[I'm still not understanding] It seems to me that *even if* you pass in a long c...

imtringued · 2025-06-09T08:17:33 1749457053

1MB of context can maybe hold 10 tokens depending on your model.

For reference. llama 3.2 8B used to take 4 KiB per token per layer. At 32 layers that is 128KiB or 8 tokens per MiB of KV cache (context). If your context holds 8000 tokens including responses then you need around 1GB.

>Unless the GPU is not fully utilised on each prompt-response cycle, I feel that the GPU is still the bottleneck here, not the bus performance.

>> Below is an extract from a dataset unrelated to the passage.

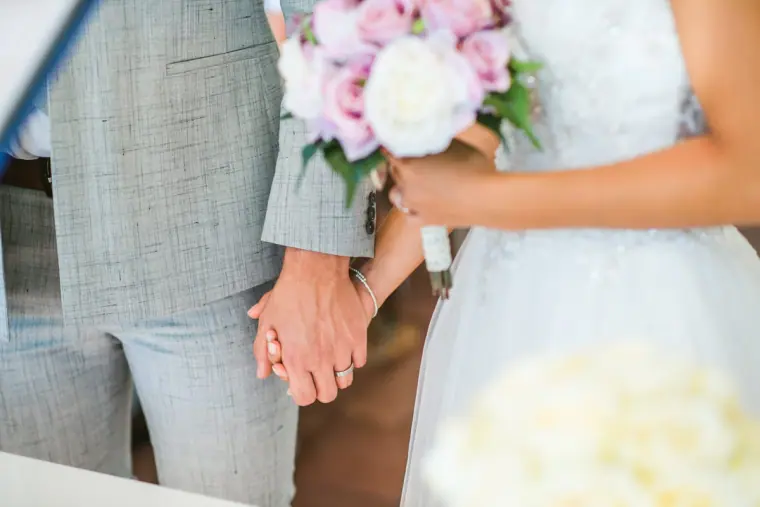 Close-up of the couple holding hands, her pink and white bouquet beside them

Matrix vector multiplication implies a single floating point multiplication and addition (2 flops) per parameter. Your GPU can do way more flops than that without using tensor cores at all. In fact, this workload bores your GPU to death.

zargon · 2025-06-09T09:59:13 1749463153

> I feel that the GPU is still the bottleneck here, not the bus performance.

PCIe bus performance is basically irrelevant.

> Token generation is completely on the card using the memory on the card, without any bus IO at all, no?

Right. But the GPU can't instantaneously access data in VRAM. It has to be copied from VRAM to GPU registers first. For every token, the entire contents of VRAM has to be copied to the GPU to be computed. It's a memory-bound process.

Right now there's about an 8x difference in memory bandwidth between low-end and high-end consumer cards (e.g., 4060 Ti vs 5090). Moving up to a B200 more than doubles that performance again.

jononor · 2025-06-09T06:37:50 1749451070

GPU memory bandwidth is the limiting factor, not PCIe bandwidth. The memory bandwidth is critical because the models rely on getting all the parameters from memory to do computation, and there is a low amount of computation per parameter, so memory tends to be the bottleneck.